皇上深呼吸一口氣,疾步走出了永和宮。這個從天而降的消息讓他一時間懵了,有些不知所措。所有的人都告訴他那個未曾謀面的弟弟早已葬身了火海之中,可現在容青姑姑卻一字一句地告訴他“或許,當年的那一場大火,並未像世人所知曉的那樣,燒掉了一切。”
他難以置信地搖搖頭。容青姑姑可是在暗示,蕭墨遲便是蕭淑妃那未死去的孩子?若真是如此,蕭墨遲爲何與蕭重那般相像便也可以解釋得通了。他的心突突亂跳着,若真是如此,那母后定然也是知道真相的,宛央戀上了這樣一個人,也難怪母后會勃然大怒。可爲什麼,母后這麼些年卻從來不對自己說起這一切呢?難道母后心中仍有旁的顧慮?
皇上不確定,恍恍惚惚地在宮中亂走了一氣。如果,如果,蕭墨遲真是他同父異母的弟弟,他該怎麼辦纔好?他該怎麼辦纔好?
他猛地想起了宛央,笑得慘然。宛央又該怎麼辦?他的傻妹妹又該怎麼辦?
顧則懿。
這是那個已經死去的幼弟的名字。
他又喃喃地念了一遍,“顧則懿”。這人究竟是如何被偷樑換柱出了宮,竟以蕭墨遲的身份這般光明正大地活在京城之中呢?

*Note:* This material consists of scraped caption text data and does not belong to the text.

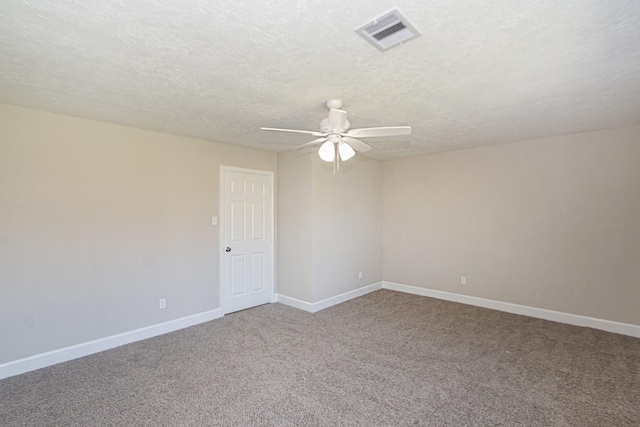 spare room with a ceiling fan, carpet flooring, baseboards, and visible vents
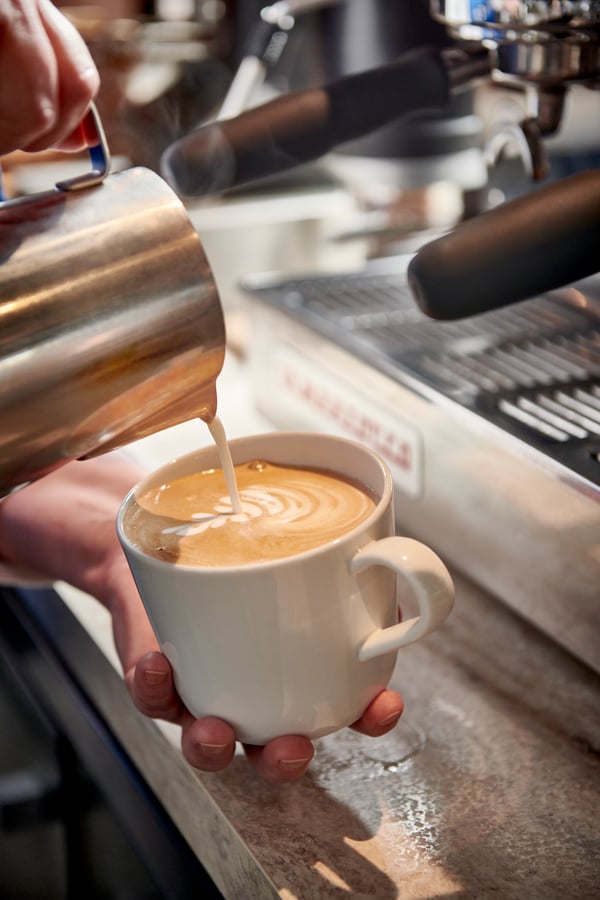Person häller skummad mjölk i kaffekopp och gör latte art, espressomaskin syns i bakgrunden.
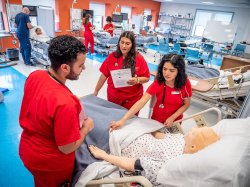 students wearing red scrubs gathered around a mannequinn on a medical bed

他仍是不敢相信這一切,痛苦地搖搖頭。或許這也不過是容青姑姑的猜測罷了。他還是該早日調查清楚纔是。
這一整日,皇上都是魂不守舍。一入夜後,他竟又鬼使神差地來到了永和宮。他下意識地多看了幾眼容青姑姑,想從容青的臉上看出些什麼來,但是容青神色如常。
太后見皇上來了倒很開心,一掃連日來的苦悶心情,招呼容青加了幾道菜,要與皇上一道用晚膳。

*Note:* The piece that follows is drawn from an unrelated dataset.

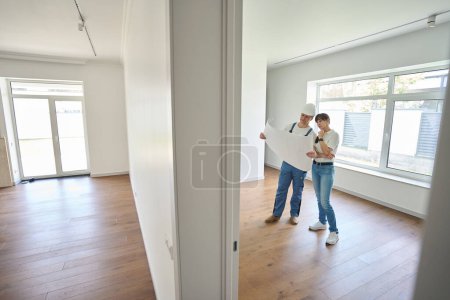 Photo for Focused caucasian male worker and woman watching blueprint in new modern comfortable townhouse before repair - Royalty Free Image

趁着容青去佈置晚膳的空當,皇上試探着說道,“母后,兒臣有個不情之請。”
太后笑着看着皇上,“皇兒但說無妨。”
皇上有些心虛,但仍舊說道,“既然宛央那般愛慕那個男子,不如遂了她的心思也好。”
太后一聽這話,臉色騰地變了,斬釘截鐵地說道,“這事兒沒得商量。”說完,她冷冷地看了一眼皇上,“你竟是來爲宛央做說客的嗎?”

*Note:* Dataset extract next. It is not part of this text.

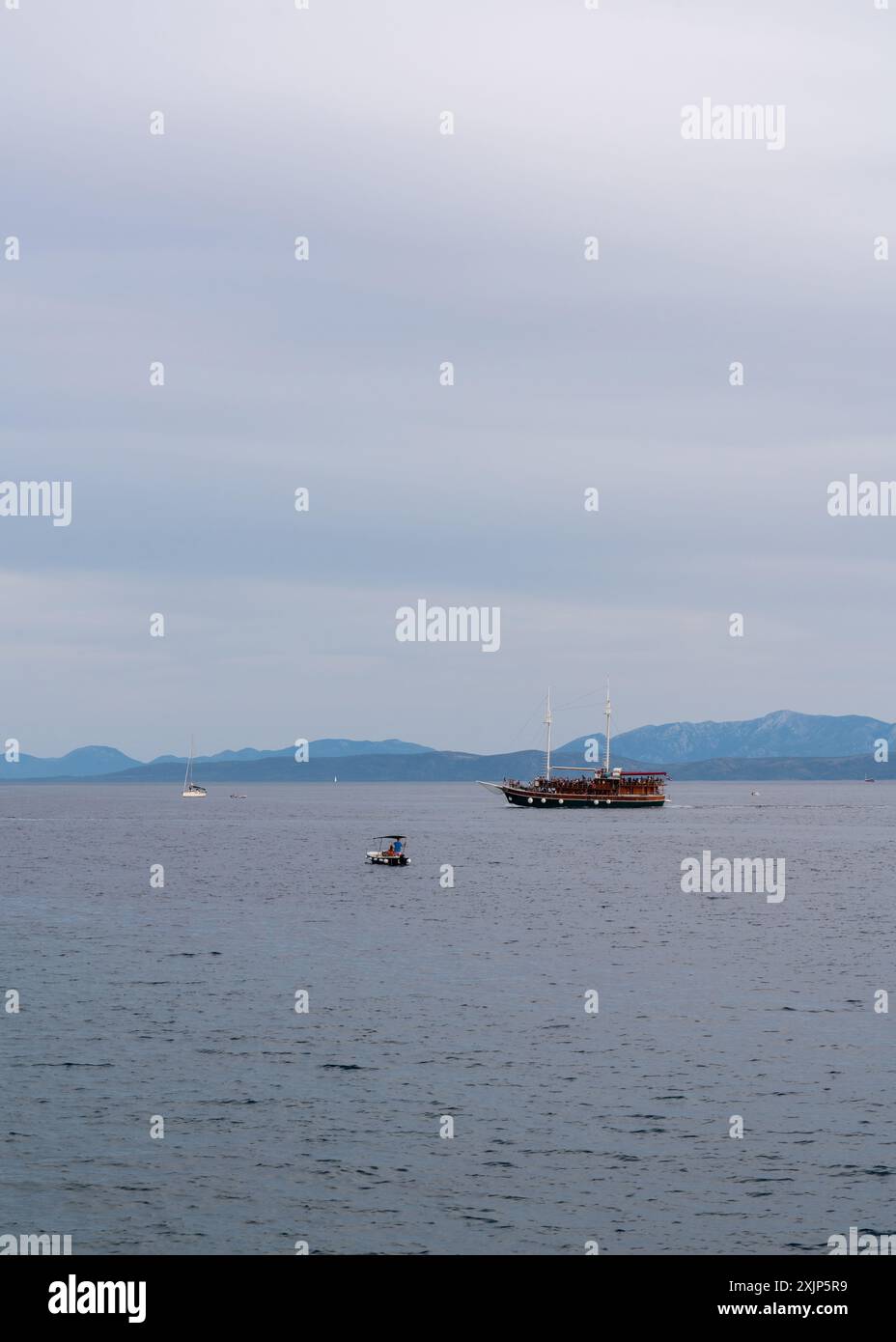 Ein altes Holzboot mit vielen Touristen an Bord in der Adria. Es ist Abend. Hohe Berge am Horizont. Kleine Yachten und Boote segeln in der Nähe. C Stockfoto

皇上低着頭,“朕看着宛央那般痛苦,心中不忍,所以……”
太后打斷了他的話,“這事兒萬萬不可。”
皇上覺得自己與真相已經只隔着一層輕紗了,“爲什麼?”
太后不做聲。
皇上卻自問自答道,“可是因爲他並非外人,而是兒臣與宛央的兄弟?”
太后大吃一驚,瞪大了眼睛看着皇上。
皇上一見太后的表情,苦笑着說道,“看來這事兒是真的了。”
太后見事已至此,也不再瞞着皇上,“當初的事情,哀家不願再重提。你不必多問,哀家一個字兒也不會說給你聽。你只需知道,他對你的皇位已經沒有任何威脅。哀家早已幫着你把他唯一的助力除掉了。更何況,哀家一直囑咐了人盯着他,你不必擔心。”
皇上突然想起了大理寺卷宗上古鏡川語焉不詳的免職記錄,問道,“那人可是古鏡川?”
太后不說是,也不說不是,停頓了一會兒後才靜靜地說道,“他是你的弟弟,是你父皇的親生兒子,你不可動他分毫。”
“你的手上,不能沾上自己兄弟的血。”
皇上猛地擡起頭,盯緊了太后,那目光就好似看着一個陌生人一樣。太后在這樣的目光中卻安之若素,並不退讓。